I’ve been teaching for a long time now. It makes me feel old when I realize I am in my 27th year in the classroom now. I joke with my students that I have been teaching longer than any of them have been alive. When I started teaching the predominant models of professional development were the inservice days at school where the school administrators decided how we needed to grow, the weekend workshops or summer workshops that I would scramble to find funding for, or the one or two day workshops that would cause me to miss school. It’s a different world now. I know I’m preaching to the choir if you are even reading this but this world of twitter, of blogs (both writing them AND reading them), of online simulcast workshops, or improv EdCamps, the list goes on. In this day in teaching I am fully convinced that if you want feedback and you want connections to help you think about your craft and to expand your toolbox – if you really want it – there is an ocean of resources at your fingertips. Literally (since I’m typing this right now!) at your fingertips. Not all of it fits everyone. I know that I am still wrestling with the timing and pace of my twitter feed, but I think I’m getting better at it and I KNOW I’m growing as a result of it. I spent a long time reading blogs, then commenting on blogs before I felt confident enough to launch my own. I have two kids at home so I know how tight time can be, but I also know that the past two Saturdays (that I blogged about separately here and here ) where I spent a combined 16 hours out of the house were worth the time and effort. Luckily Mrs. Dardy is kind and flexible and supportive of this pursuit.
I’ve been thinking quite a bit about this, about how different my life as a teacher is in the past few years. I’ve been in regular communication with one of my former colleagues, Gayle Allen. Gayle (@GAllenTC) hired me seven years ago when my family left Florida and we landed in New jersey for a while. Gayle is a remarkable, energetic thinker and was a great boss. She and I have been engaged in a long conversation about professional growth and one of the results of this conversation is an article that got posted today over at a website called Getting Smart. I know that I am not unique in this journey, but I also know that there are still many of our colleagues who have not taken this plunge. Some because they are not interested in doing so, some because they don’t know where to start. I’m pleased to be able to give shout outs of thanks to Dan Meyer (@ddmeyer) and to Sam Shah (@samjshah) through that article and I’m pleased to be connected again (even if we are nearly 3000 miles from each other) with Gayle.

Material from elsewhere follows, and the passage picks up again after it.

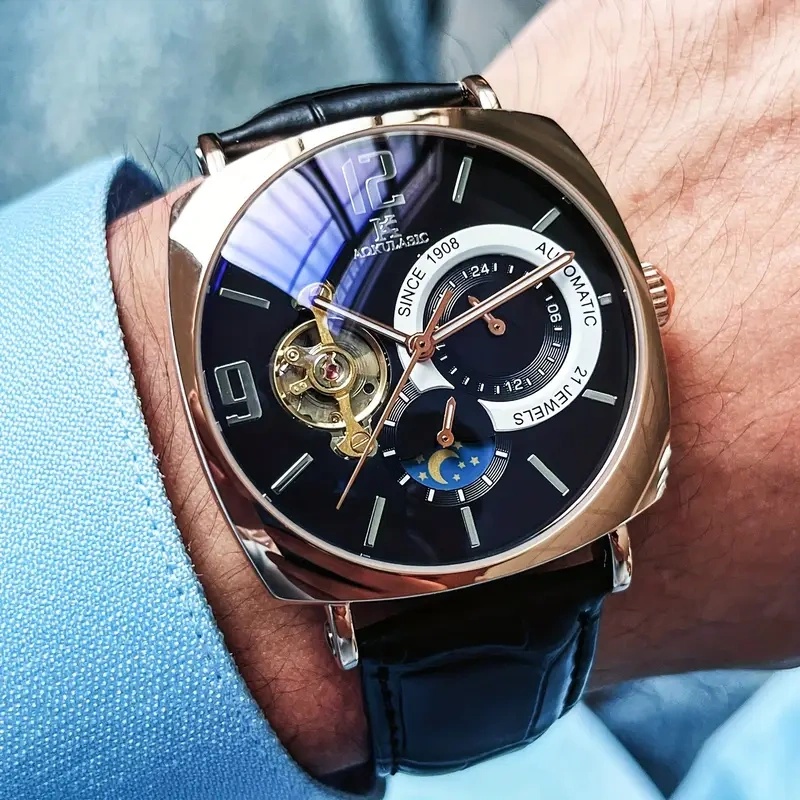 [Modieus mechanisch herenhorlo - Seiko Watch Presage recensie en prijs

This summer will see a trip to OK to take part in TwitterMathCamp. This would not have happened if Tina Cardone (@crstn85) had not reached out to me and asked me to join in on the fun. This summer will see me finish an in-house Geometry text for our students. This project would never have happened without the encouragement and advice of Jennifer Silverman (@jensilvermath). This summer will see me work on plans to help a brand new teacher in our high school take the leap from teaching Algebra I in the middle school to teaching Honors Precalculus for the first time. All of these experiences will help me grow as a professional. 27 years at it now and I feel like I still have an awful lot to learn. I hope to be smarter this time next week about this craft than I am right now.
One thought on “Professional Growth in a Connected Age”
Love this blog post, Jim, especially this sentence: “I am fully convinced that if you want feedback and you want connections to help you think about your craft and to expand your toolbox – if you really want it – there is an ocean of resources at your fingertips.” I agree with you. It’s so different today. You can reach out right now and get resources and connect with people and get support and all that good stuff. Almost impossible not to learn. Kudos, my friend!